Performance Improvement with Protobuf and UPB in Python and C++

Evan Lu

unread,

Sep 6, 2024, 7:08:09 PM9/6/24

to Protocol Buffers

Hi everyone,

We're currently using Protobuf 3.14 with C++ and Python in our project and are looking to improve serialization/deserialization performance. I recently tried Protobuf 3.24 and noticed performance improvements in Python, likely due to the use of UPB.

I have a couple of questions:

1. Does UPB also provide performance improvements for C++?
2. If so, in which version of Protobuf was UPB introduced for C++?

Thanks in advance for your help!

Best regards,
Evan

Tony Liao

unread,

Sep 9, 2024, 4:52:01 PM9/9/24

to Protocol Buffers

Hi Evan,

The protobuf C++ implementation is separate from UPB and has its own set of optimizations driven by Google's own workloads.

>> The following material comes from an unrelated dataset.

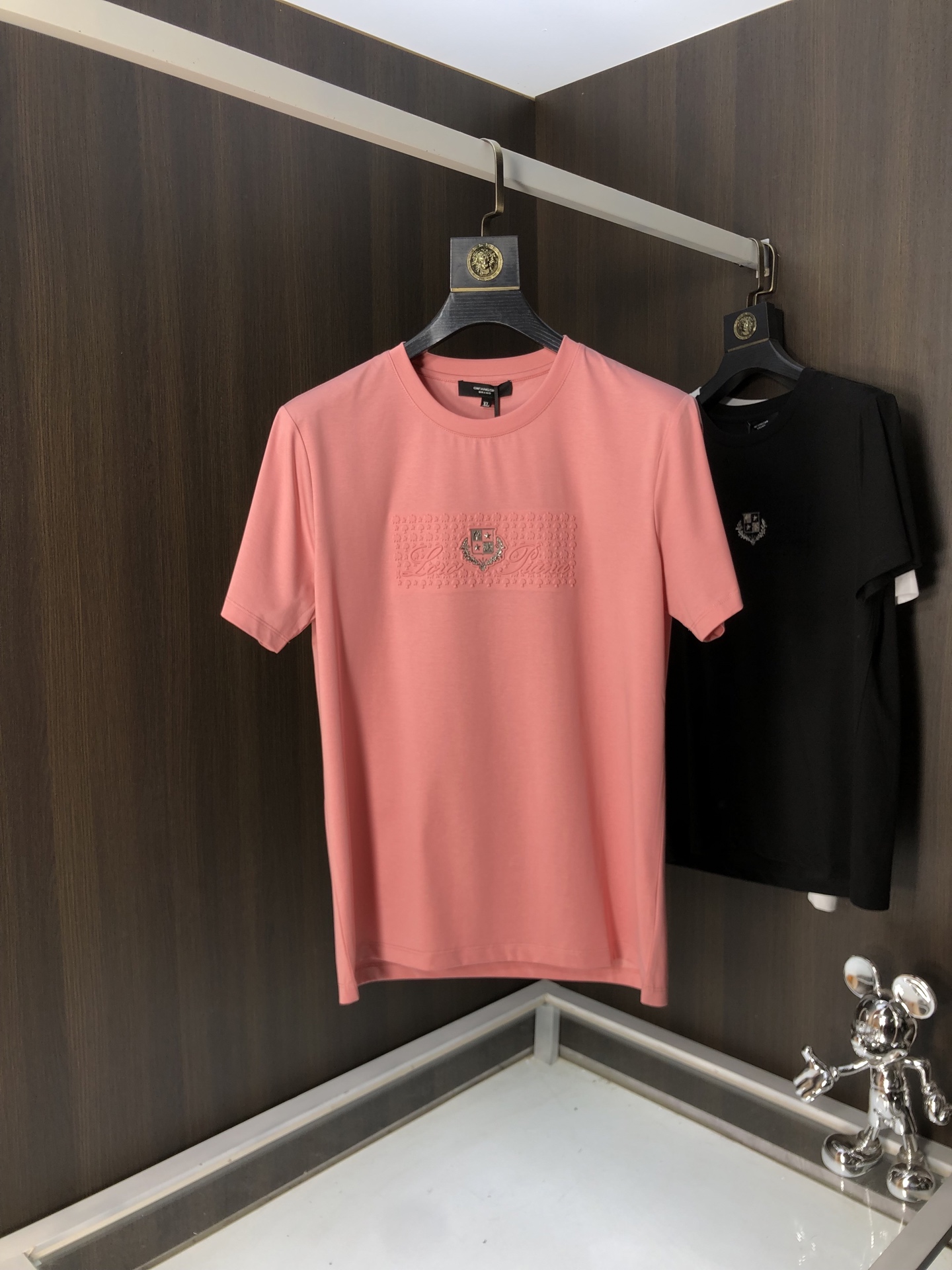 NO:131221,.LP.2025 spring and summer new product fashionable round neck short sleeve high-end custom versatile style!  More practical and easy for anyone to control. Made with double mercerized fabric, luxurious and classic brand logo design, G is very high-end and must-have if you understand the goods!  The style and tailoring are slim styles, which are very exquisite, showing aura and highlighting the exquisiteness of business men. This is the unique feature, the right slim fit, and the upper body effect is very good!  Size M-4XL m wear 175/120 catties.,loro piana,T-shirt,alexander wang19860909.LP.2025春夏新品时尚圆领短袖高级定制百搭款式！更有实用感 任何人都可以轻松驾驭 采用双丝光面料制作,奢华经典品牌logo设计,G非常显档次懂货的必须入！版型剪裁属于修身款 非常精致,显气场,又会凸显商务男士的精致,这就是独到之处,恰到好处的修身,上身效果非常赞！ 尺码M-4XL m穿175/120斤.,,loro piana,T-shirt,alexander wang,Men's clothing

I can say that for Google's C++ workloads, we have not observed better performance with UPB. For this reason, we are still shipping with the native implementation for C++.

-Tony

Evan Lu

unread,

Sep 9, 2024, 5:23:37 PM9/9/24

to Protocol Buffers

Hi Tony,

Thank you for the clarification!

Do you have any recommendations or best practices for improving serialization/deserialization performance specifically for Protobuf in C++? I'd appreciate any insights or optimizations you or anyone can suggest.

Best regards,
Evan

Tony Liao

unread,

Sep 10, 2024, 5:04:59 PM9/10/24

to Protocol Buffers

Hi Evan,

Performance is something that will depend on the nature of your workload quite a lot, so it's hard to give advice without knowing more detail. Here are some recommendations that we tend to give:

Using arenas can reduce the cost of memory allocation. This can be especially impactful during parsing (deserializing).
- https://protobuf.dev/reference/cpp/arenas/
Protobuf reflection is slow -- try to avoid it in performance sensitive code.
string fields are UTF-8 validated. If you don't need UTF-8 validation, prefer to use bytes instead.
Deeply nested messages can result in a lot of pointer indirection. In some cases, you might be able to come up with a wire-compatible message format that is shallower. However, this may come at the cost of flexibility.
Serialization performance is O(number of fields). If you have a large message with 1000s or 10000s of fields, serializing it can be noticeably slower than serializing a message with a handful of fields.

We also have best practices published here: https://protobuf.dev/programming-guides/dos-donts/. It's not focused on performance though.

And please keep in mind that we are continually evolving the protobuf implementation, so anything we're saying here isn't a substitute for running your own benchmarks. :)